I vividly remember the visits from our charcoal delivery man — lean and muscular, a 20-pound sack slung across his back, his shoulders dusted in soot like black snow. His singlet, once white, had long since surrendered to grime and fire.

My grandmother would lash out at whoever forgot to order the charcoal in time, but once he arrived, everything was forgiven in the rush to re-ignite the stove with leftover firestarters and charcoal logs.

If we kids were within earshot and not too slow to respond, a kipas lidi (palm frond fan) would be thrust into our hands with a firm instruction: Fan until the flames roar! And so we’d squat — precariously balanced on wooden terompah (clogs), hunched over the ground-level stove — swinging the fan with all our might until the fire blazed back to life.

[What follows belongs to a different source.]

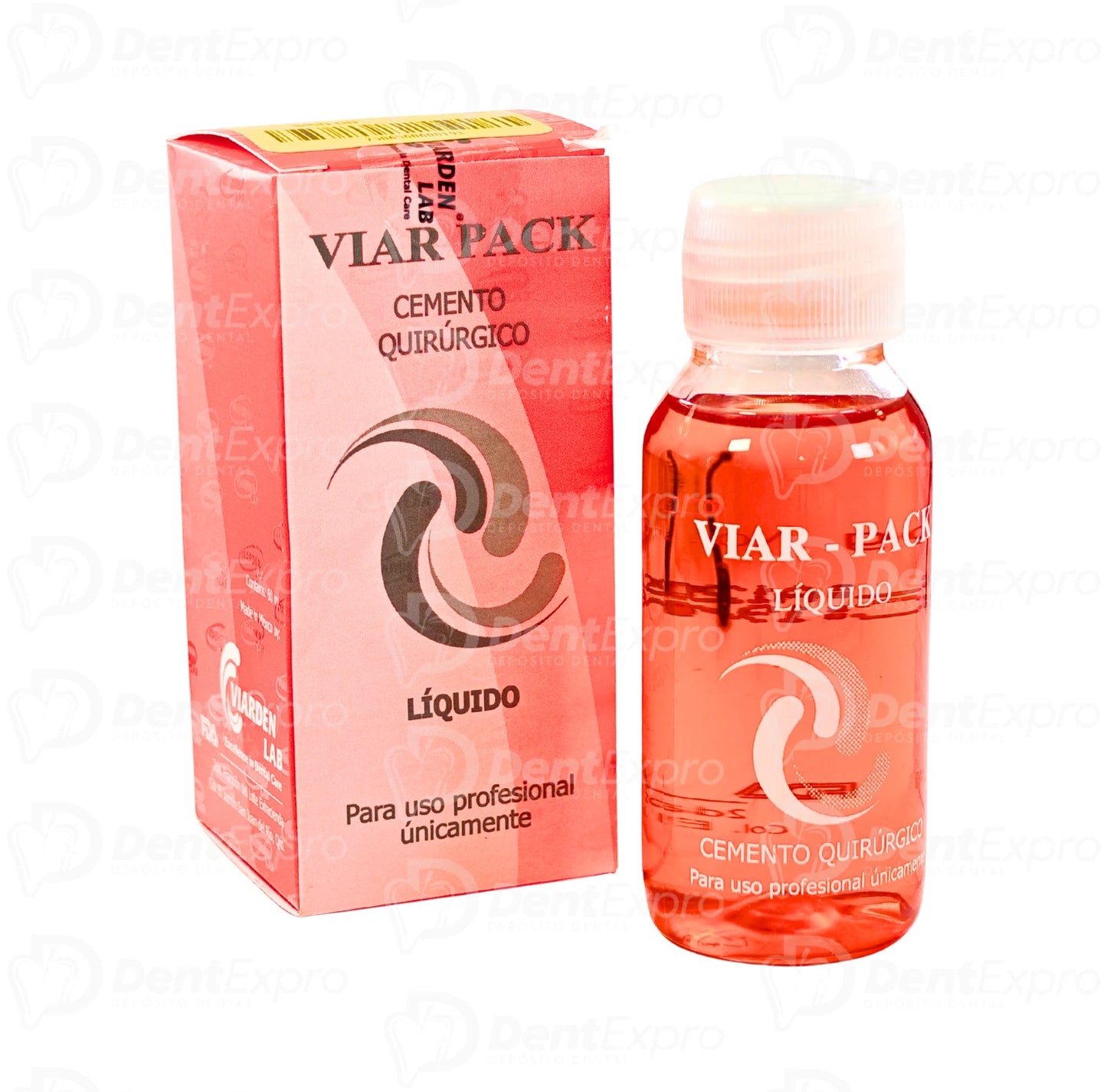 ViarPack Cemento Quirúrgico Viarden (Wonderpack) Líquido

Looking back, I feel a nostalgic twinge of regret that I never passed these tasks on to my children — and I certainly won’t try them on my granddaughter. Not only would they scoff at the idea that charcoal adds any taste or nutritional value, but they’d also send me Google search results declaring that orh kim (black gold, charcoal) couldn’t possibly affect food sealed behind thick stainless steel.

Still, I believe ours was the best of both worlds. We tasted the most flavourful food, with just a fraction of the labour of the generations before us. And now, our dapur lights with the mere touch of a button — but the memory of that living flame lingers on.